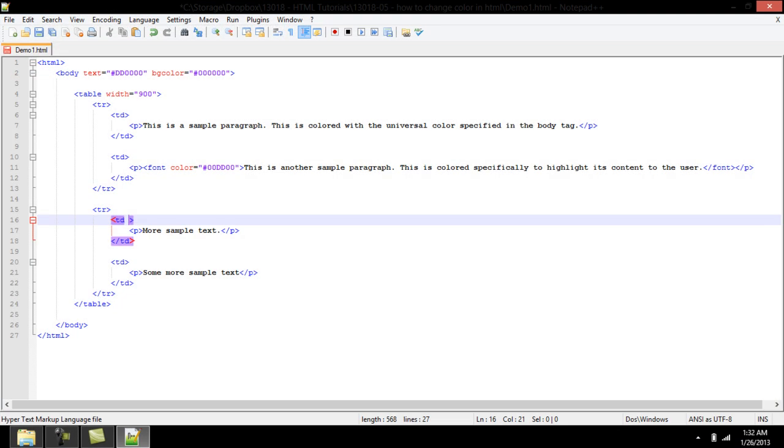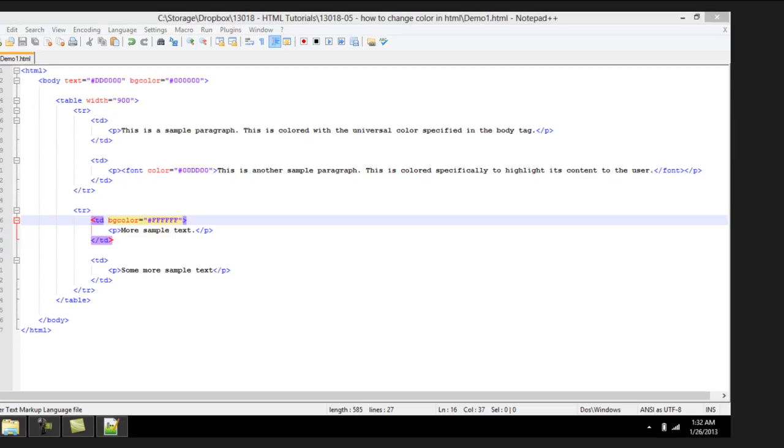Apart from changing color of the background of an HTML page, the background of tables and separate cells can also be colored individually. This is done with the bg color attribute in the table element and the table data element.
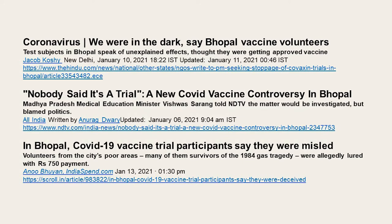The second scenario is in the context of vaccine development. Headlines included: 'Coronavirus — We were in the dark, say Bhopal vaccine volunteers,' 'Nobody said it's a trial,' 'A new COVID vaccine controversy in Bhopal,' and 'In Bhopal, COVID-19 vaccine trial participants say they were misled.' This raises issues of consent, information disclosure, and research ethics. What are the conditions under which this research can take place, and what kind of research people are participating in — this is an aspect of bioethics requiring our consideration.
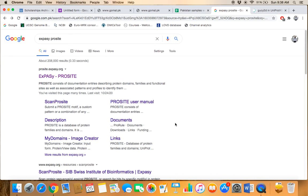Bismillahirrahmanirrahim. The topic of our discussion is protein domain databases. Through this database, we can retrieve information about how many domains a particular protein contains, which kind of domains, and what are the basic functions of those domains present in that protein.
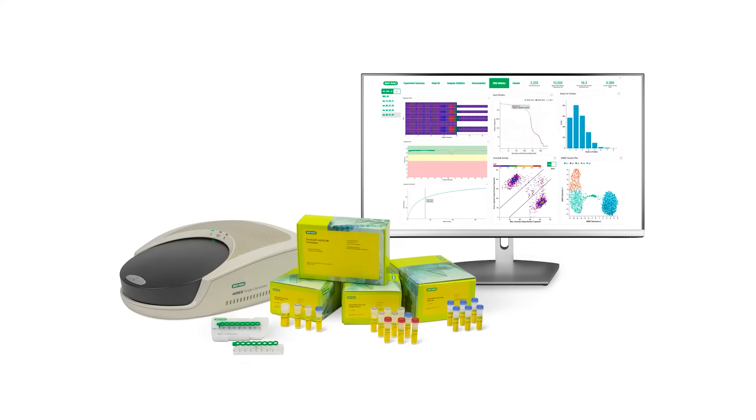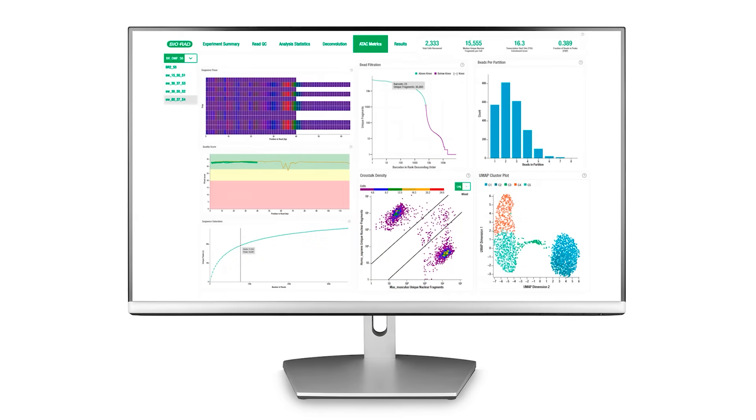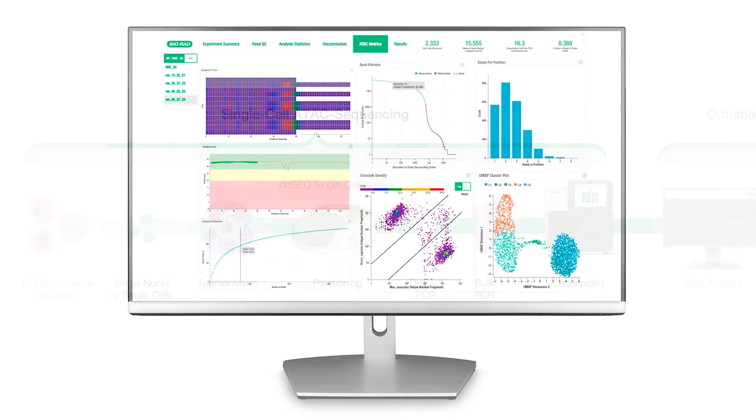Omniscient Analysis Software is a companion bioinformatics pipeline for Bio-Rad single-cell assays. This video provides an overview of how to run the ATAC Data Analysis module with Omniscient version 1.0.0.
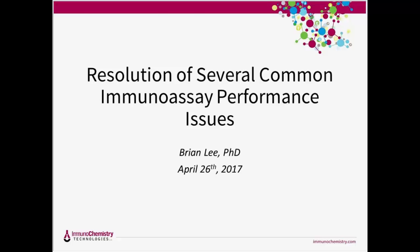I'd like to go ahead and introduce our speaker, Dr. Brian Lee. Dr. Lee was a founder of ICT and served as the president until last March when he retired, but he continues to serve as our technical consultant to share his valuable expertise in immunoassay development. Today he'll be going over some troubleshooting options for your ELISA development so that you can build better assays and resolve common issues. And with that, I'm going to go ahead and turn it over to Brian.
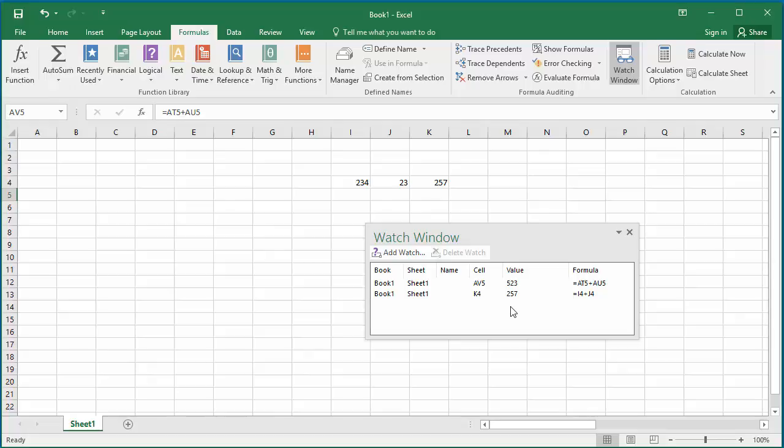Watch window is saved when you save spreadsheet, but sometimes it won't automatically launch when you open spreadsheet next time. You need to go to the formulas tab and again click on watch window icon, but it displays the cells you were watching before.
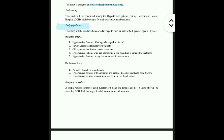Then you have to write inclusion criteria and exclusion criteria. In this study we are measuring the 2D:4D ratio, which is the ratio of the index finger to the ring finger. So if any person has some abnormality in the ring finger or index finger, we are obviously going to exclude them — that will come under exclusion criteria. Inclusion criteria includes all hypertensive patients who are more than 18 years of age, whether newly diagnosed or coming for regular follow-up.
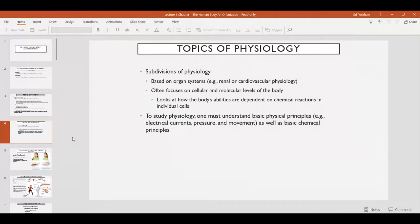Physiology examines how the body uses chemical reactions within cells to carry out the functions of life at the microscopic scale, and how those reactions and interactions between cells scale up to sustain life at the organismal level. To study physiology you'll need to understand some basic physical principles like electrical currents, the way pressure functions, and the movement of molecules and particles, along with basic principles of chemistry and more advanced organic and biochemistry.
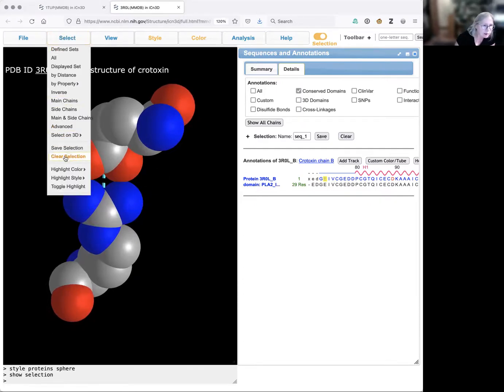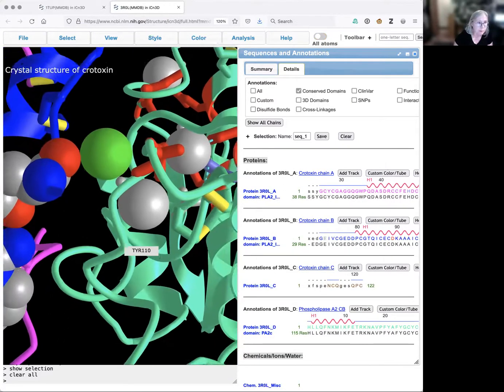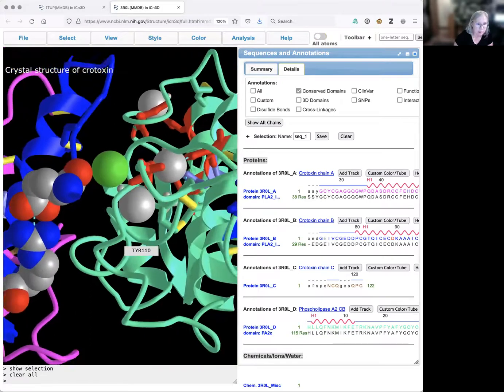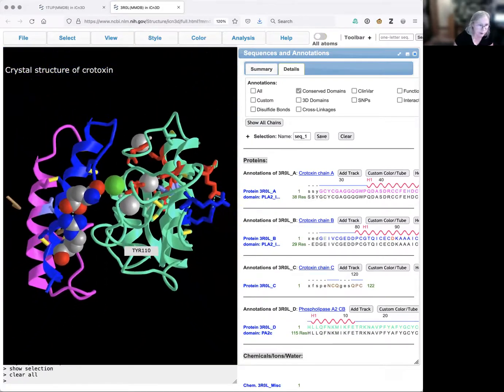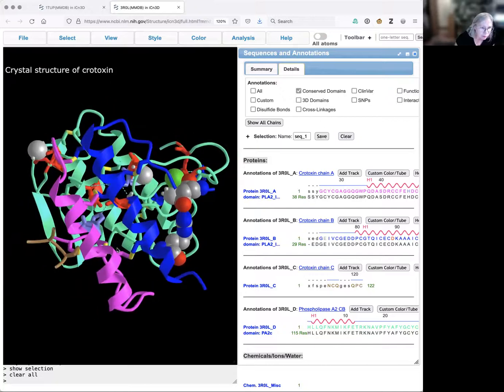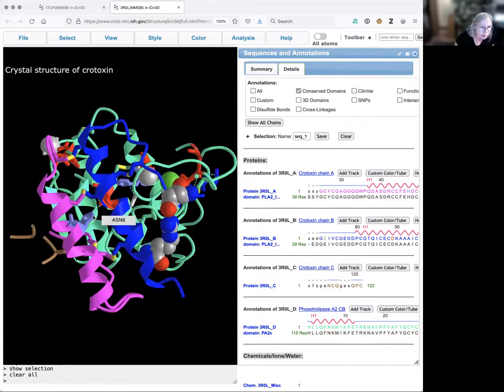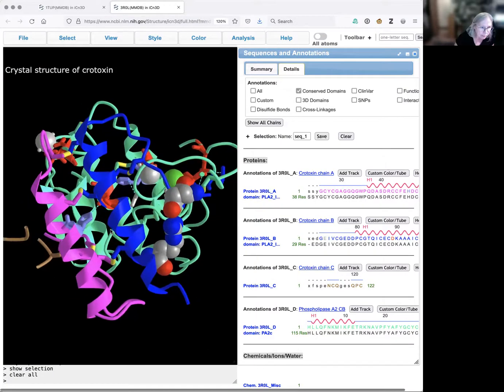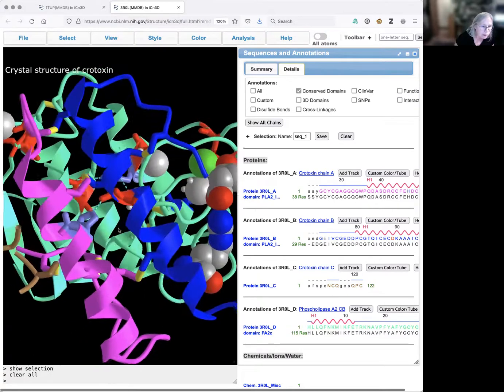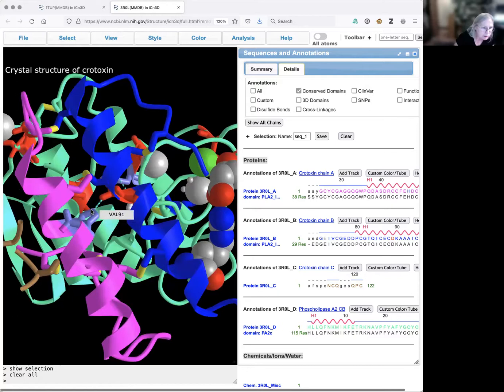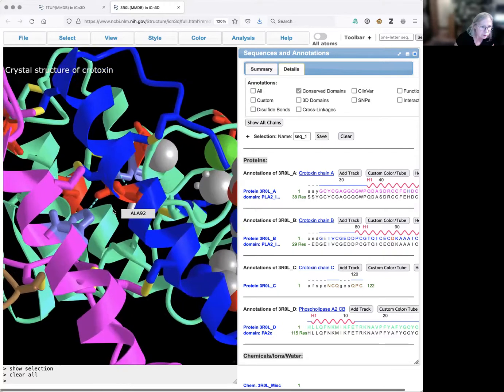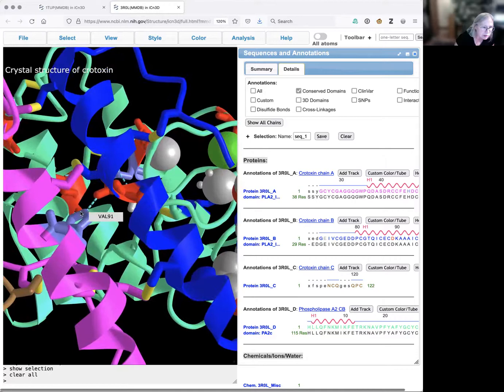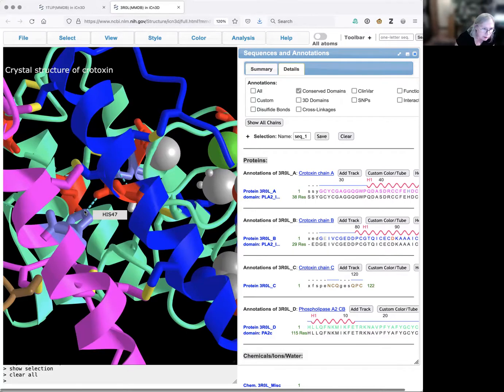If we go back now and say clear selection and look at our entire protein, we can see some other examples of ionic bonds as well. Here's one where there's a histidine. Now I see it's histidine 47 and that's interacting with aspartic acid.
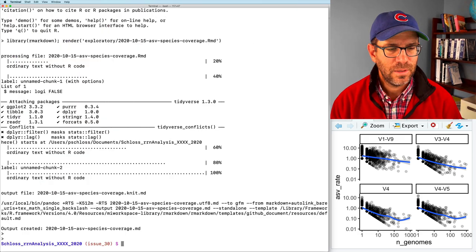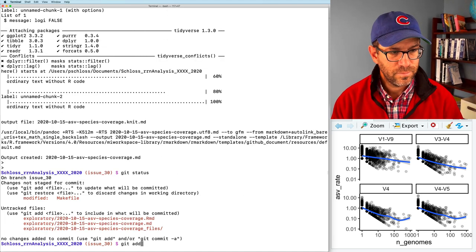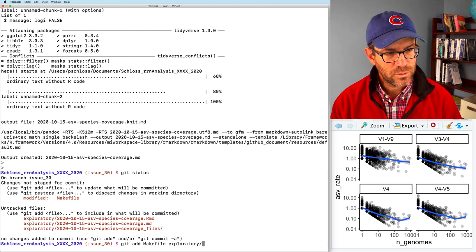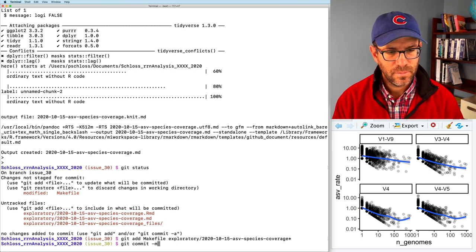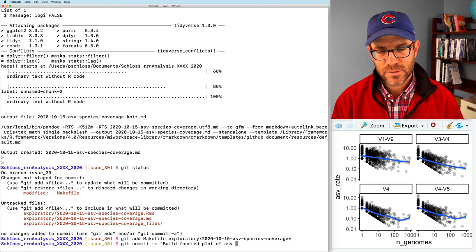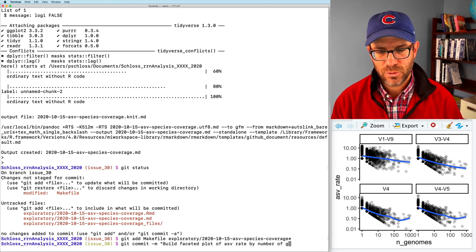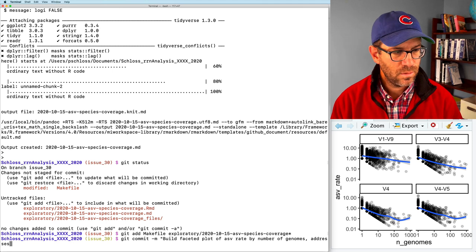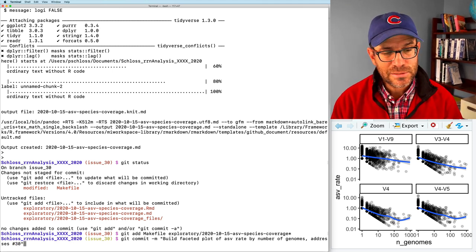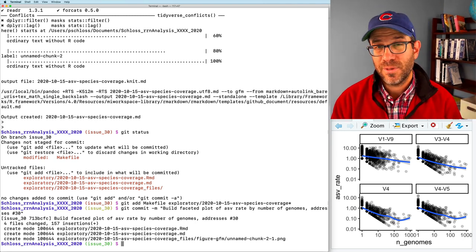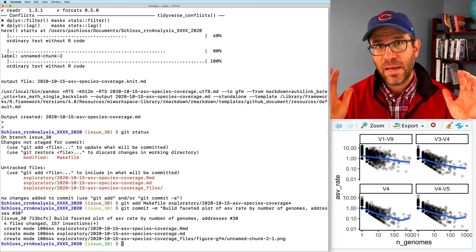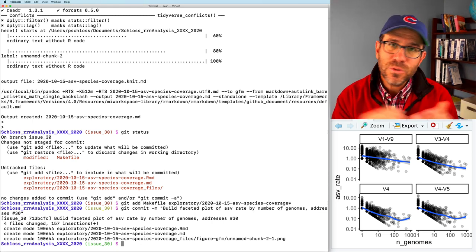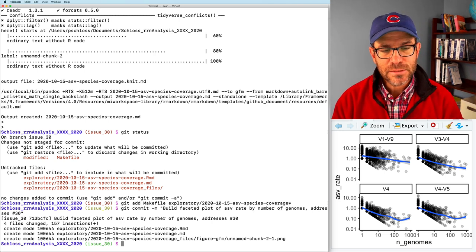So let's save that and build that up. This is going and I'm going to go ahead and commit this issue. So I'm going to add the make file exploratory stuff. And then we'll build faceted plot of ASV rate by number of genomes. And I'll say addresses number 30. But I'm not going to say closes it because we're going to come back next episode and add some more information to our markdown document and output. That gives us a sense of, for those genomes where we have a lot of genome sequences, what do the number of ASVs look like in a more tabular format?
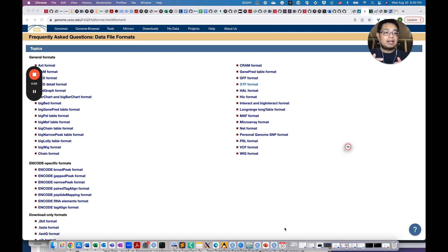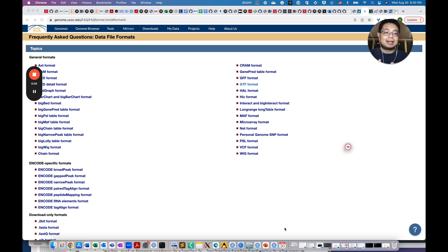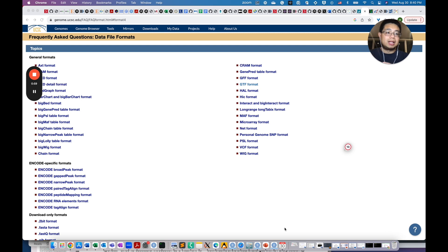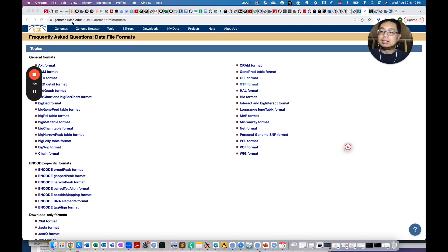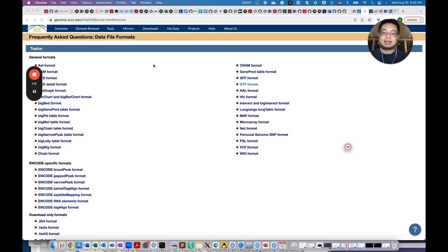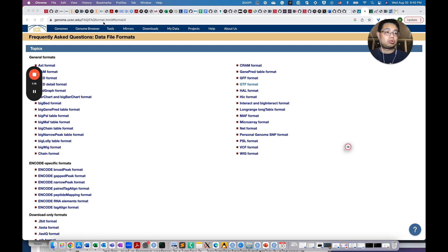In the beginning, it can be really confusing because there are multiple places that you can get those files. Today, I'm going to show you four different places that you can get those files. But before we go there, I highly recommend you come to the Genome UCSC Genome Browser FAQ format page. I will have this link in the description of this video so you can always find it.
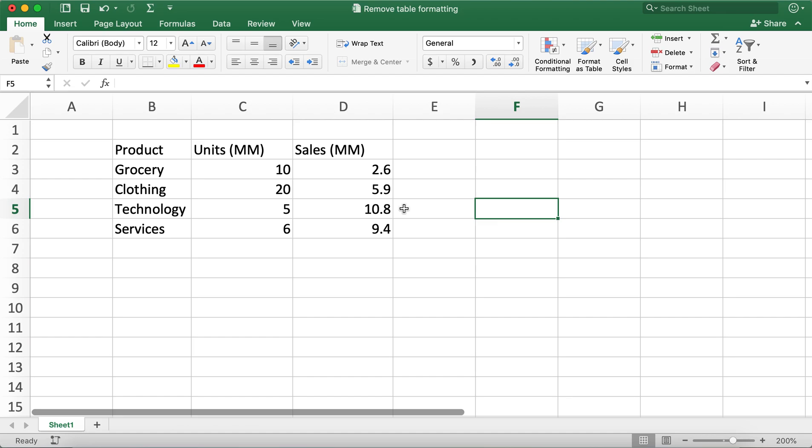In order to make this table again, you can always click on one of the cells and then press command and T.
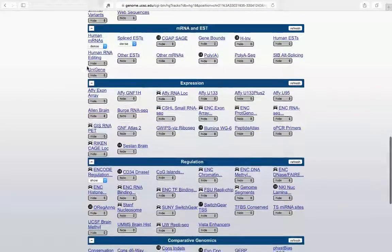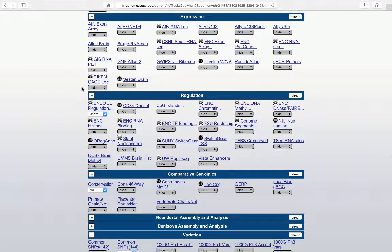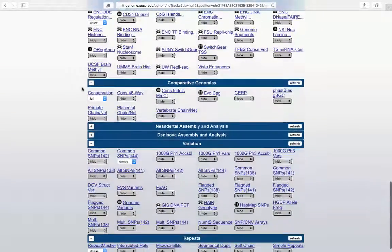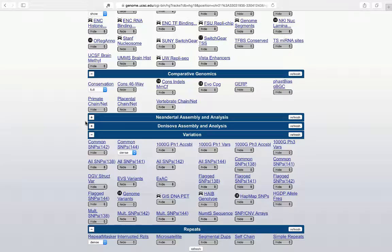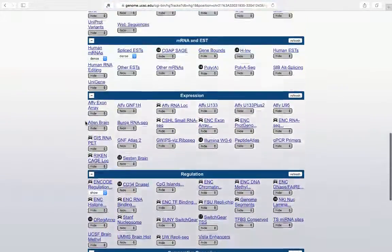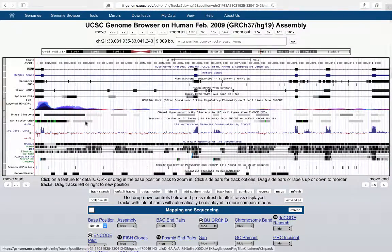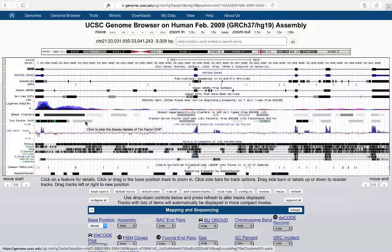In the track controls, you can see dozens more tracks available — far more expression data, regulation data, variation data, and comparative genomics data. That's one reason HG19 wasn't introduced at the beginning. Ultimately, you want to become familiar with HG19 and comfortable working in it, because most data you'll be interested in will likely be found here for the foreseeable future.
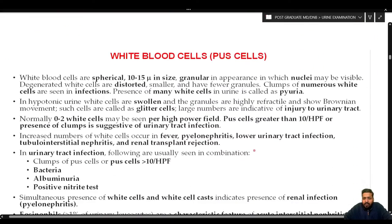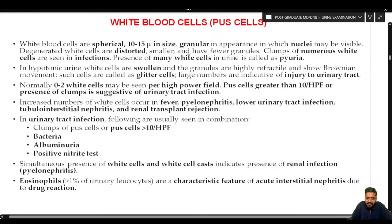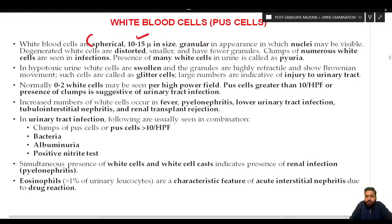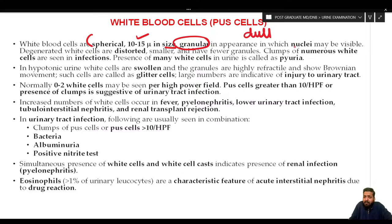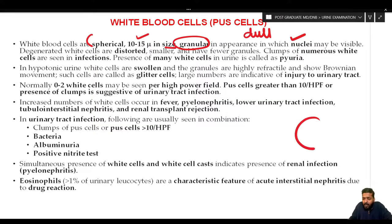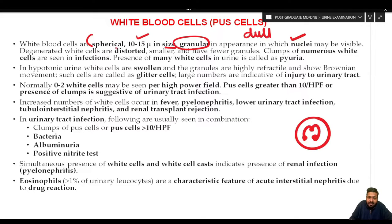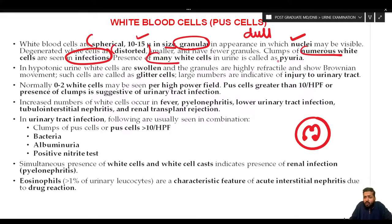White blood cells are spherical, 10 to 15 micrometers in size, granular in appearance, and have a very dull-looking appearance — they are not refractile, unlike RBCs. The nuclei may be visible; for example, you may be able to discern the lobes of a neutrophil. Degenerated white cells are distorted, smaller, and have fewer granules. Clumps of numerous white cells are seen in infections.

:: What is needed ::
Omit every image. Quote each record exactly.

:: Output for this exercise ::
Apart from changing color of the background of an HTML page, the background of tables and separate cells can also be colored individually. This is done with the bg color attribute in the table element and the table data element.
The second scenario is in the context of vaccine development. Headlines included: 'Coronavirus — We were in the dark, say Bhopal vaccine volunteers,' 'Nobody said it's a trial,' 'A new COVID vaccine controversy in Bhopal,' and 'In Bhopal, COVID-19 vaccine trial participants say they were misled.' This raises issues of consent, information disclosure, and research ethics. What are the conditions under which this research can take place, and what kind of research people are participating in — this is an aspect of bioethics requiring our consideration.
Bismillahirrahmanirrahim. The topic of our discussion is protein domain databases. Through this database, we can retrieve information about how many domains a particular protein contains, which kind of domains, and what are the basic functions of those domains present in that protein.
Omniscient Analysis Software is a companion bioinformatics pipeline for Bio-Rad single-cell assays. This video provides an overview of how to run the ATAC Data Analysis module with Omniscient version 1.0.0.
I'd like to go ahead and introduce our speaker, Dr. Brian Lee. Dr. Lee was a founder of ICT and served as the president until last March when he retired, but he continues to serve as our technical consultant to share his valuable expertise in immunoassay development. Today he'll be going over some troubleshooting options for your ELISA development so that you can build better assays and resolve common issues. And with that, I'm going to go ahead and turn it over to Brian.
Watch window is saved when you save spreadsheet, but sometimes it won't automatically launch when you open spreadsheet next time. You need to go to the formulas tab and again click on watch window icon, but it displays the cells you were watching before.
Then you have to write inclusion criteria and exclusion criteria. In this study we are measuring the 2D:4D ratio, which is the ratio of the index finger to the ring finger. So if any person has some abnormality in the ring finger or index finger, we are obviously going to exclude them — that will come under exclusion criteria. Inclusion criteria includes all hypertensive patients who are more than 18 years of age, whether newly diagnosed or coming for regular follow-up.
Physiology examines how the body uses chemical reactions within cells to carry out the functions of life at the microscopic scale, and how those reactions and interactions between cells scale up to sustain life at the organismal level. To study physiology you'll need to understand some basic physical principles like electrical currents, the way pressure functions, and the movement of molecules and particles, along with basic principles of chemistry and more advanced organic and biochemistry.
If we go back now and say clear selection and look at our entire protein, we can see some other examples of ionic bonds as well. Here's one where there's a histidine. Now I see it's histidine 47 and that's interacting with aspartic acid.
So let's save that and build that up. This is going and I'm going to go ahead and commit this issue. So I'm going to add the make file exploratory stuff. And then we'll build faceted plot of ASV rate by number of genomes. And I'll say addresses number 30. But I'm not going to say closes it because we're going to come back next episode and add some more information to our markdown document and output. That gives us a sense of, for those genomes where we have a lot of genome sequences, what do the number of ASVs look like in a more tabular format?
In the beginning, it can be really confusing because there are multiple places that you can get those files. Today, I'm going to show you four different places that you can get those files. But before we go there, I highly recommend you come to the Genome UCSC Genome Browser FAQ format page. I will have this link in the description of this video so you can always find it.
In order to make this table again, you can always click on one of the cells and then press command and T.
In the track controls, you can see dozens more tracks available — far more expression data, regulation data, variation data, and comparative genomics data. That's one reason HG19 wasn't introduced at the beginning. Ultimately, you want to become familiar with HG19 and comfortable working in it, because most data you'll be interested in will likely be found here for the foreseeable future.
White blood cells are spherical, 10 to 15 micrometers in size, granular in appearance, and have a very dull-looking appearance — they are not refractile, unlike RBCs. The nuclei may be visible; for example, you may be able to discern the lobes of a neutrophil. Degenerated white cells are distorted, smaller, and have fewer granules. Clumps of numerous white cells are seen in infections.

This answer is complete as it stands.